Thursday, November 6, 2008

Excuse me.

(Originally published 3/22/2006)

People make excuses for everything. As a collective body, we are resourceful and endlessly creative in the things we can conjure up when we fall short on a task or a commitment. Especially in America, where we love the blame game more than baseball. Our leaders blame one another for wars, terrorism, hurricanes, and blow jobs. Our reality television shows are houses full of wanna-be actors lobbing blame back and forth like hot potatoes. Kelly Clarkson said it best: "Because of You."

As children we adapt quickly to blame. It comes as naturally to us as digesting solid food or being afraid of what’s under the bed. We blame dogs for eating our homework. We blame our older sisters for taking money out of our fathers’ wallets. We blame a society that refuses to accept individual expression and free will when our mothers catch us walking around the living room in her favorite pair of red pumps (Wait. Is that one just me?). This failure to own our responsibilities and actions follows us into adulthood, where it tampers with our every relationship, from how we relate to colleagues, to our friends, to the neighbor next door whose paper we steal, and to the neighbor across the hall who we blame it on.

I’m the king of lame excuses. I have made excuses in an array of circumstances, from dodging work to cancelling dinner plans because I forgot "Will and Grace" was coming on. From avoiding helping someone move to not being able to pay for my own drinks, some of my better excuses are as follows:

"My iron is broken."

"I need to get online and look for sweaters."

"It rained yesterday."

"I have to look for the remote control."

"I’m studying for the MCAT."

Although quite well known for making excuses and delegating blame, I am not a big fan of hearing excuses (or taking blame for that matter). I work in Human Resources and hear excuses and blame on a daily basis.

"My boss hates me."

"I can’t come to work because my hamster ate four of its babies last night."

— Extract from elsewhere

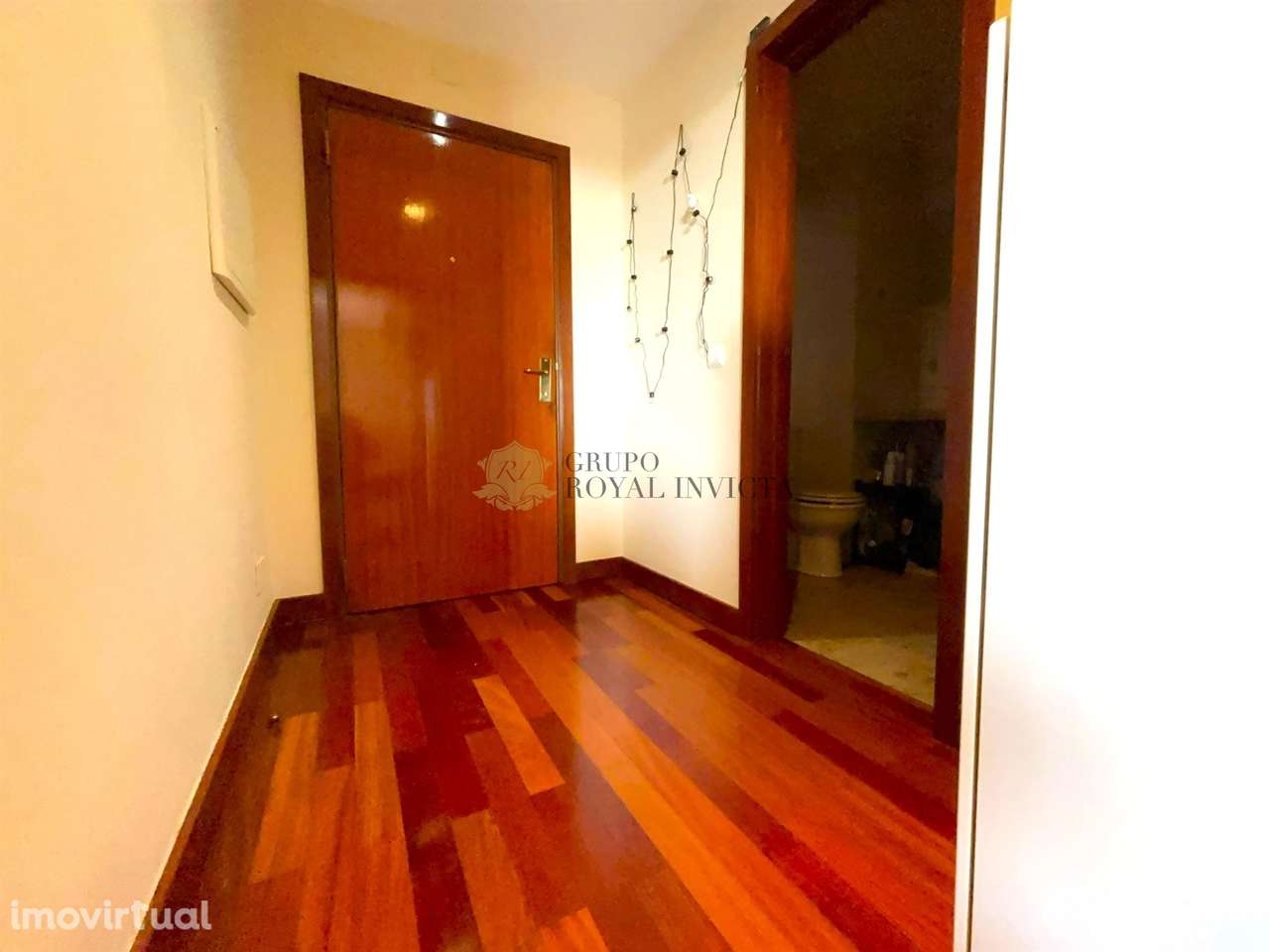 Apartamento T1 com Vista Mar em Leça da Palmeira - Grande imagem: 2/32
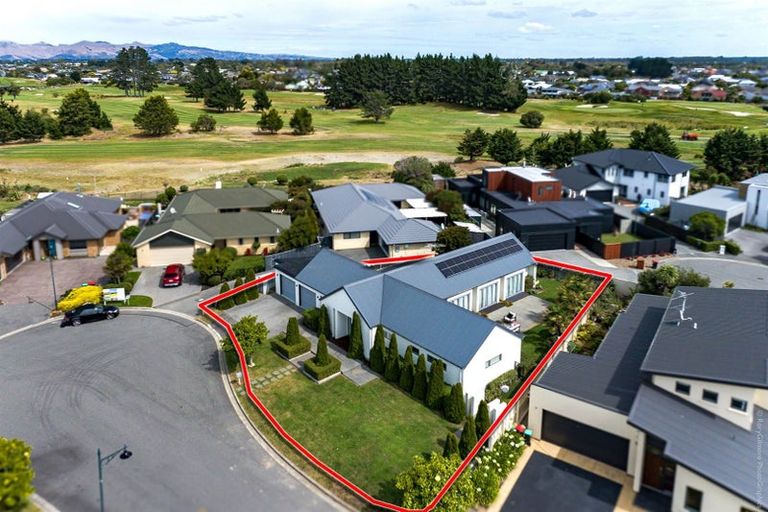 Photo of property in 12 Torrey Pines, Waimairi Beach, Christchurch, 8083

"I was kindly asked to leave my last job after an elaborate map of the building and a copy of ‘The Anarchist’s Cookbook’ were found in my desk. I was doing research for my screenplay."

I’m no fan of being handed a turd of an excuse within a social setting either. Recently, someone handed me the King Kong of all excuses, the poke in the eye for all of us single people out there trying to keep our heads above water: The "I don’t wanna date anybody right now" excuse.

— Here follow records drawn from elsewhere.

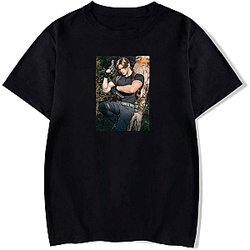 Leon Scott Kennedy Collection for fans Leon Scott Kennedy T-Shirts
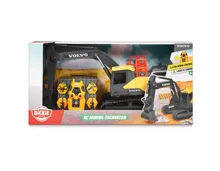 RC Volvo Mining Excavator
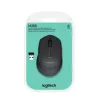 LOGITECH Wireless Mouse M280 musta 2,4GHz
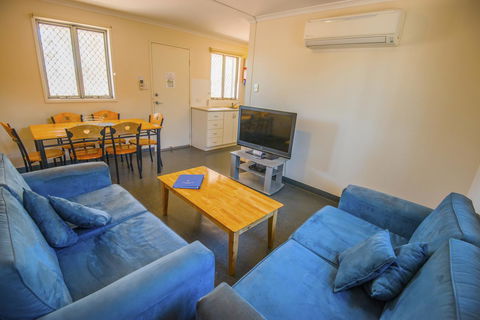 RAC Exmouth Cape Holiday Park - Tourism Hervey Bay 11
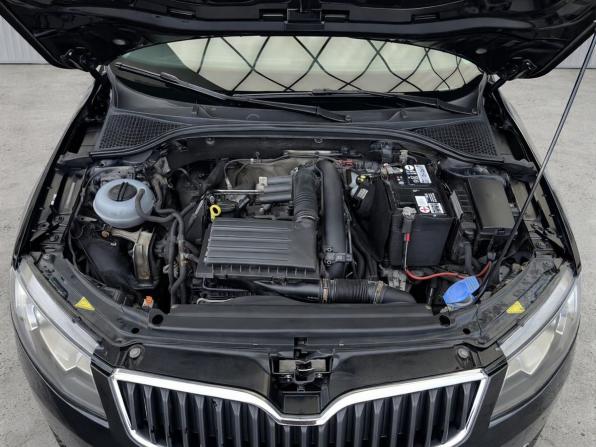 Skoda Octavia III (A7) с пробегом 2013 года, цена 897 000 рублей, 142458 км, лифтбек, Автокод Объявления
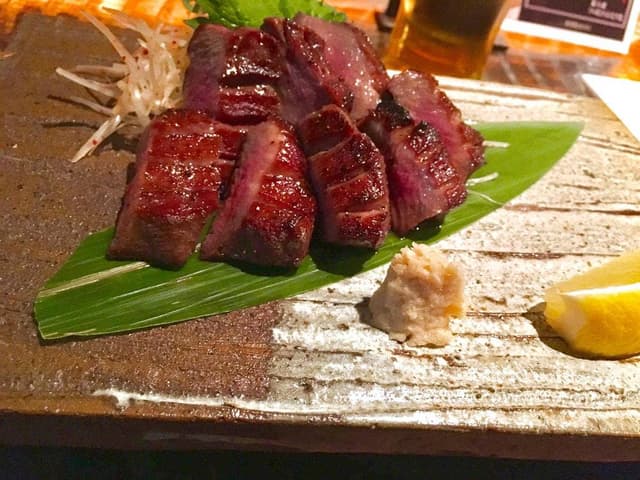 居酒屋MORO - サブ画像3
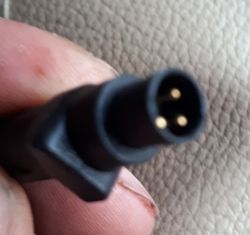 Gardena - kabel od sterownika nawadniania do czujnika wilgotności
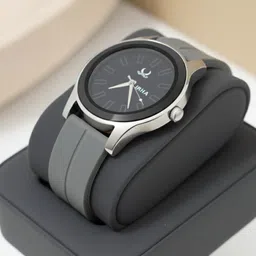 irha Analog Watch - For Men & Women Ghadi MGT_Grey-picture-12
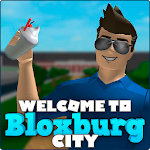 Bloxburg City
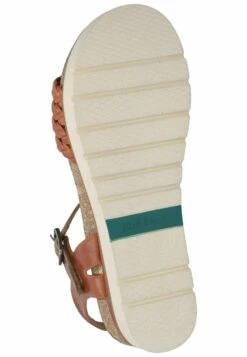 Josef Seibel Sandalen Met Sleehak - Orange Kombi 11 Josef Seibel Sandalen Met Sleehak - Orange Kombi -Schoenen Winkel d4c795f14a7741ce90329e4ad5e1563f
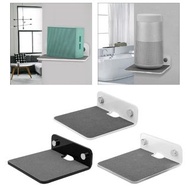 實體店鋪/SF(清貨區)(🈹🈹限今日特價1 pcs $58 /2 pcs 108)Wall Shelf Speaker Stand,Small Wall Shelf Speaker Mount for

This excuse, when standing alone, could be considered legitimate and respectable, understandable, purely honest. However, 99% of the time a single person hears this from someone they have any interest in, it takes on a whole new meaning. Translation: "I don’t wanna date YOU right now (or ever, truth be told)."

In hearing about this particular person who said this to me and his many dates since, I began to contemplate the complexity of that excuse. I decided to ask a good friend of mine famous for handing out this excuse to boys like they were trick-or-treaters at his door on Halloween night. This conversation occurred in a bar, of course.

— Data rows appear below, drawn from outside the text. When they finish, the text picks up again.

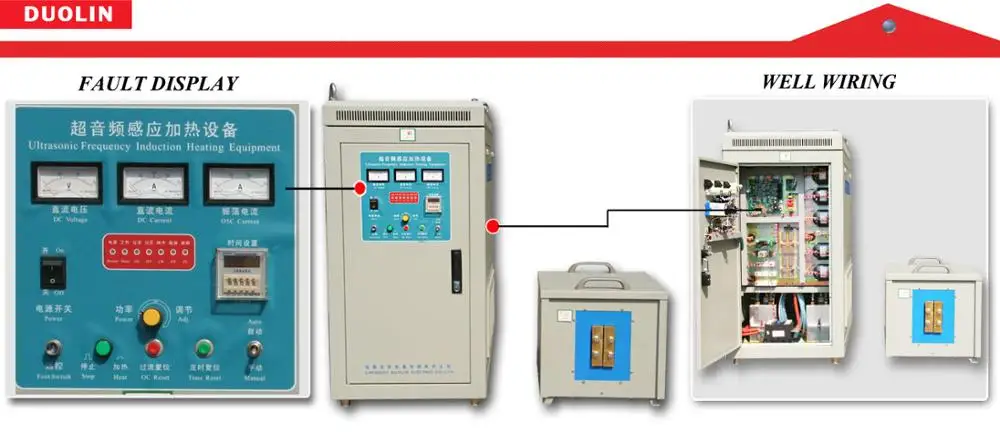 SSF-80A2 stability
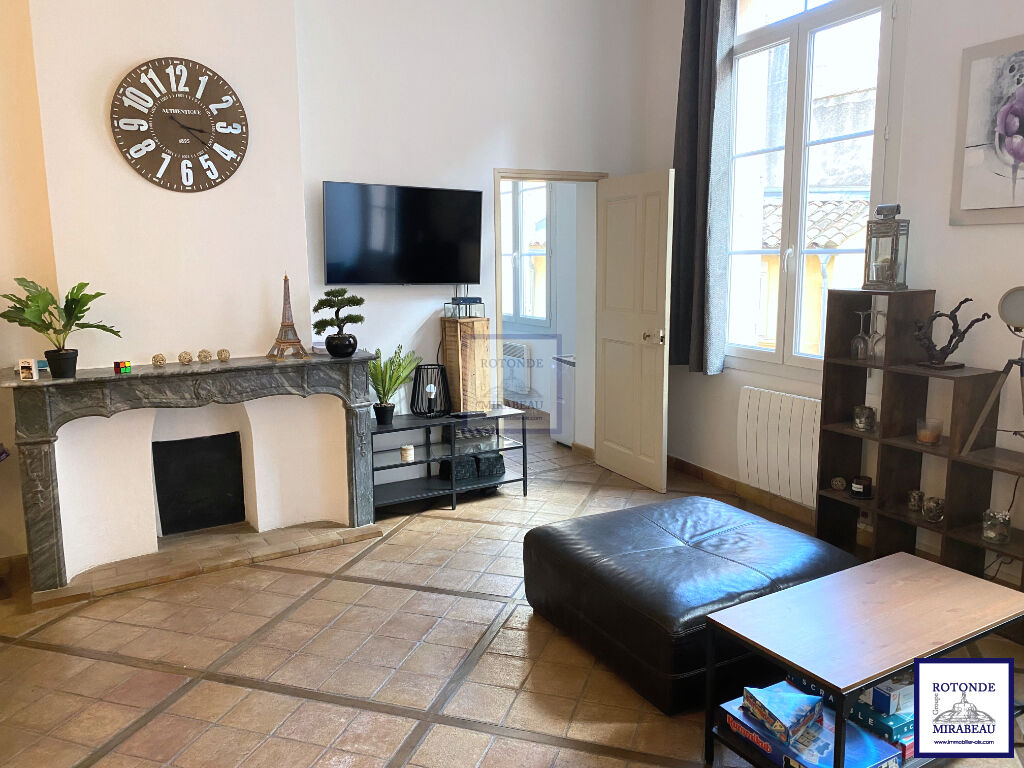Vente Appartement AIX EN PROVENCE Mandat : 78076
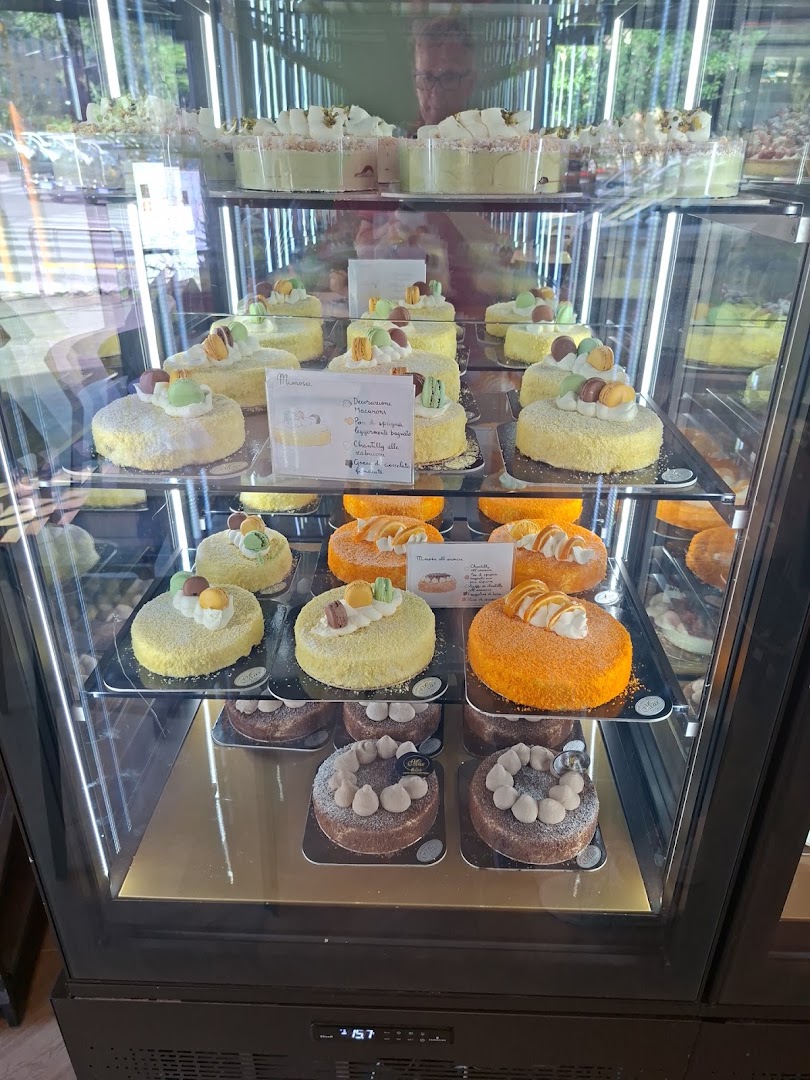 Pasticceria Max - Gli Artigiani del Piacere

"Why do you tell people that?" I asked.

"Because I don’t wanna date anyone right now," he replied.

"But you’re lying. You date people all the time."

"Yes," he agreed, "but I don’t wanna boyfriend."

"OK," I concurred, the urge to be defensive rising up from my gut, "but do you think it’s necessarily fair to the people that you go out with that might actually want to date someone?"

"Well, I’m very up front about it."

"So you tell them that before you initially ask them out, that you’d like to spend time getting to know them but under no circumstances will this ever go beyond one or two weeks, even if you fall head over heels in love with them?"

He began to squirm, as if I was one of the boys he’d tried to feed this excuse to.

"Well, no. I don’t say it like that. And I usually say it around the third date."

I considered this. "So, basically it’s just a crappy excuse. When you tell someone this, what you actually mean is that you are looking for a boyfriend, just like the rest of us, and you gave this boy three chances to make you like him and he couldn’t do it. It’s a defense mechanism. You think that by saying this to someone that you have some sort of control over the fact that you haven’t met anyone either. Is that it?"

"I need another drink."

The "I don’t wanna date anybody right now" excuse is nonsensical and I believe it to be true about as much as I believe in OJ’s innocense or Paris Hilton’s IQ. Dating is painful, excrutiatingly so, and nobody in there right mind would bother doing it if they didn’t want the end result to be a relationship. It would be like voluntarily choosing the agony of a root canal when all you really wanted was a haircut. So, to all those out there fond of this excuse, your own little WMD case to launch chaos and havoc on unsuspecting innocents, go f*ck yourselves. You’re all just as confused and frustrated and defensive (and yet still just a little bit hopeful that there’s someone out there) as the rest of us.

"I don’t wanna date anybody right now." Yea? Well, you should’ve told me that before I bothered having my shoulders waxed AND wasted a Saturday night making mindless small talk when I could’ve been hanging out with my friends. You’re paying for dinner, *sshole.